Social Grouping

May 23, 2008
By Jake Calmes, Hartland, WI

In my fourth hour creative writing class we did an activity where we drew a seating chart of the cafeteria. When I saw all of the different seating charts I was amazed. They all had the same groups. They all looked very similar, but they were all a little different.

The table that I usually sit at was listed on the separate seating charts as: jocks, stoners, smart people, regular, and partiers. Now, it seems to me like there is quite a bit of deviation between the different charts. That’s why you can’t take stuff like this seriously. Everyone, will group you, but also everyone sees a group in a different perspective.

So how can it be set in stone what group you are really in, how can you believe what all of these other people say? The only person that can classify you, and put you in a group, is the only person that knows everything about you, and that’s you.

There is no reason to be upset when people classify you, because unless you personally know them, unless you have spent a significant amount time with them, how do they really know? People only classify other people into social groups when they don’t know them. By placing people into social groups it makes it easier for the person doing the classifying to determine what kind of a person that someone is, whether they are right or wrong.

You cannot let the people you do not know get in your head by placing you in a social class. If they do not know you, why do you care what they think? The only opinion that should matter to you is your parents, your employers, your teachers, your coaches and your friends, not someone that you might see in the hallway a couple of times per week and never speak too.

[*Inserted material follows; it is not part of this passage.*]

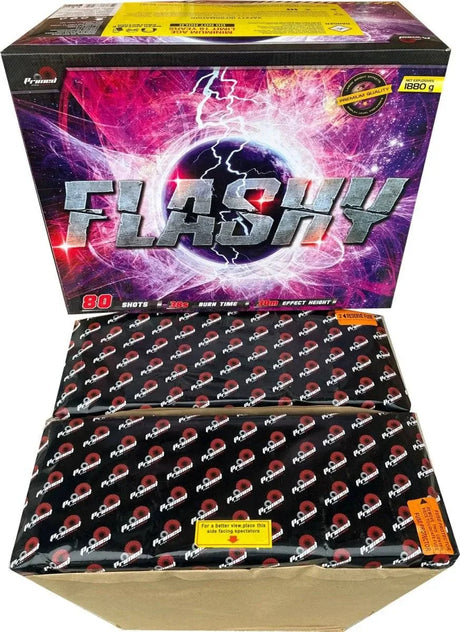 Flashy 80-shot fanned F3 compound firework by Primed Pyrotechnics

Plus, how can you become angry at someone classifying you in a way that you don’t like when you are probably classifying them, most likely in a way that they won’t like, as well? It’s like the old saying, “What goes around comes around.” It will never end. It’s a part of life. Don’t let it bring you down, and move on.

Social classification, from the beginning of our existence on this planet, has always been a part of human history. Who’s to think that all of a sudden it would end here in the hallways of Arrowhead High School? Social classification has, and always will be, a part of human nature. How you deal with social grouping is what either sets you a part, or sets you within.